Anaicka Lundie describes her job this way: “My job is in the direct care of patients, in getting to know them and their life stories. In Neurology Clinic, it is not just a phone call or a patient visit, but caring for the whole person and giving them the feeling that they are really taken care of.”
Anaicka Lundie is a tireless, patient, and immensely capable LVN in UCLA Neurology Outpatient Clinic. She works in the Stroke and Neurorehabilitation Clinics as patient coordinator and is on the front lines of patient contact and care. In this role, she takes calls from concerned patients, schedules patient visits, troubleshoots the many elements of a patient evaluation (medical records, need for family members to be present, schedules of the clinicians and room availability) and provides the between-visit patient contact that leads to smooth progression in the care of a neurological disease. This work requires medical insight into the common conditions in her area of neurological disease. Anaicka recalls an instance of an alarmed patient who was taking the medicine clopidogrel (Plavix). The patient sent in photos of bruising in her arms and legs. Working in conjunction with the clinic neurologists, Anaicka knew that these were simply side effects of this form of “blood thinner”, and told the patient what more serious examples of bleeding would look like. On the other hand, in an exercise of rapid judgment, she remembers one call from a patient who could not feel blood pressure pulses in a leg, which seemed cold and tight. Guiding that patient immediately to the emergency department, Anaicka worked quickly for urgent medical evaluation. A patient phone call may mean a prescription refill, and it may mean quick thinking, consultation with a neurologist, and immediate action.
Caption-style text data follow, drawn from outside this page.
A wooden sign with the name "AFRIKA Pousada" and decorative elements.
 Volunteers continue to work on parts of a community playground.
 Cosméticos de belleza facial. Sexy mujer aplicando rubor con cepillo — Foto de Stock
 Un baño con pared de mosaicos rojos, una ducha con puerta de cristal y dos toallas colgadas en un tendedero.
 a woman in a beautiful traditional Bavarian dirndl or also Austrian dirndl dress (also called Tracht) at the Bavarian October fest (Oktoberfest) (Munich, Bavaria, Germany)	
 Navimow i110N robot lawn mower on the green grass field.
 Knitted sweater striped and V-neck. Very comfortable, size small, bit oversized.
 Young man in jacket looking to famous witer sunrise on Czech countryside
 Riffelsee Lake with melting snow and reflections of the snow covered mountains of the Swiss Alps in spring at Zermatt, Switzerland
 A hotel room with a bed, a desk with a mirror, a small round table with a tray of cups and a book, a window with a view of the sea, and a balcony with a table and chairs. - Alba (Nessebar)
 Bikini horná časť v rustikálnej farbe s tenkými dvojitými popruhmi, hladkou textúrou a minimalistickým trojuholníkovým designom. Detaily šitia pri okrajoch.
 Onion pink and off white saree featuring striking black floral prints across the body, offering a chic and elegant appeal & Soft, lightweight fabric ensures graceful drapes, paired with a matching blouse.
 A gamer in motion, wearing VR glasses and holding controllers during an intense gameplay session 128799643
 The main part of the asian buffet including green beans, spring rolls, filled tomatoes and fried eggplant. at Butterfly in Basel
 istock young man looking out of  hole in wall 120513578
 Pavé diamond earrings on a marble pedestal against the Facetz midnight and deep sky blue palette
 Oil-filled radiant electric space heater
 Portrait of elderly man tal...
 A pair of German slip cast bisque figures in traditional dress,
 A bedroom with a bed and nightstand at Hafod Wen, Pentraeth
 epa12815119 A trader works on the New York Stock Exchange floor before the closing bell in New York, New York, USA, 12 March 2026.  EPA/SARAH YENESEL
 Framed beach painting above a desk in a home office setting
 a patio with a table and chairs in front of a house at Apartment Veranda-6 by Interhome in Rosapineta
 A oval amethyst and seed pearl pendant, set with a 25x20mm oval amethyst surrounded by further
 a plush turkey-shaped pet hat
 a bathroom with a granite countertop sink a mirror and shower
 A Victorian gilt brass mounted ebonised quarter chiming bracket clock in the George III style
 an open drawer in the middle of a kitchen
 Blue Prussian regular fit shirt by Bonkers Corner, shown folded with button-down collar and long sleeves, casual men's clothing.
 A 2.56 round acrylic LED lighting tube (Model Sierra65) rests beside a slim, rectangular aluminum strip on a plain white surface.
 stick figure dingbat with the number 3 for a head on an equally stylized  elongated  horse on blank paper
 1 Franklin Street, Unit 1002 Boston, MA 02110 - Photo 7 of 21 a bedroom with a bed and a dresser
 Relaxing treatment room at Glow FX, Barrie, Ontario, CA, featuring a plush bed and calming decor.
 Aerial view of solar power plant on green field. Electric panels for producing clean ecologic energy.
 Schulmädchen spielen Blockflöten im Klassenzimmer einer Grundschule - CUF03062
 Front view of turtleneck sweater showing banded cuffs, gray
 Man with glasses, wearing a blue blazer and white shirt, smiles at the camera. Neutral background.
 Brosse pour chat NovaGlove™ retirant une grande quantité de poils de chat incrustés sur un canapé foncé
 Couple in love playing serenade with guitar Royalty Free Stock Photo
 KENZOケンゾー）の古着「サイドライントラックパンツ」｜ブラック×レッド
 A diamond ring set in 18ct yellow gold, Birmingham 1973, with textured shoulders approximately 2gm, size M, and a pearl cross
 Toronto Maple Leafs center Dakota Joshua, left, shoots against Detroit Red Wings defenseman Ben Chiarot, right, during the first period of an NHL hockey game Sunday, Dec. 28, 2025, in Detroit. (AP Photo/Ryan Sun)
This is the front line of patient care and Anaicka Lundie is often the voice of the clinic. She notes that not all problems can be immediately resolved and a key aspect of her job is to assure the individual patient that she is working for a solution. She notes, “a patient really wants to know that I am on the case, that I am trying and that I am doing my job. This is one of the most meaningful aspects of patient care in the clinic.”
The fundamental element for patient care for Anaicka is compassion. “Put yourself in the patient’s shoes. You need to have empathy and compassion. How would you want your medical condition to be handled?” As a medical provider with a mission, Anaicka Lundie gives compassion with her communication, and practices mercy in the connection with each person’s dignity as a person.
Anaicka Lundie has been an LVN and clinic coordinator in the Neurology clinic since 2007. She works with the Stroke and Neurorehabilitation Programs. Prior to working as an LVN, she was a medical assistant in UCLA Cardiology, where she assisted and monitored patients during exercise stress testing and supervised the Coumadin clinic.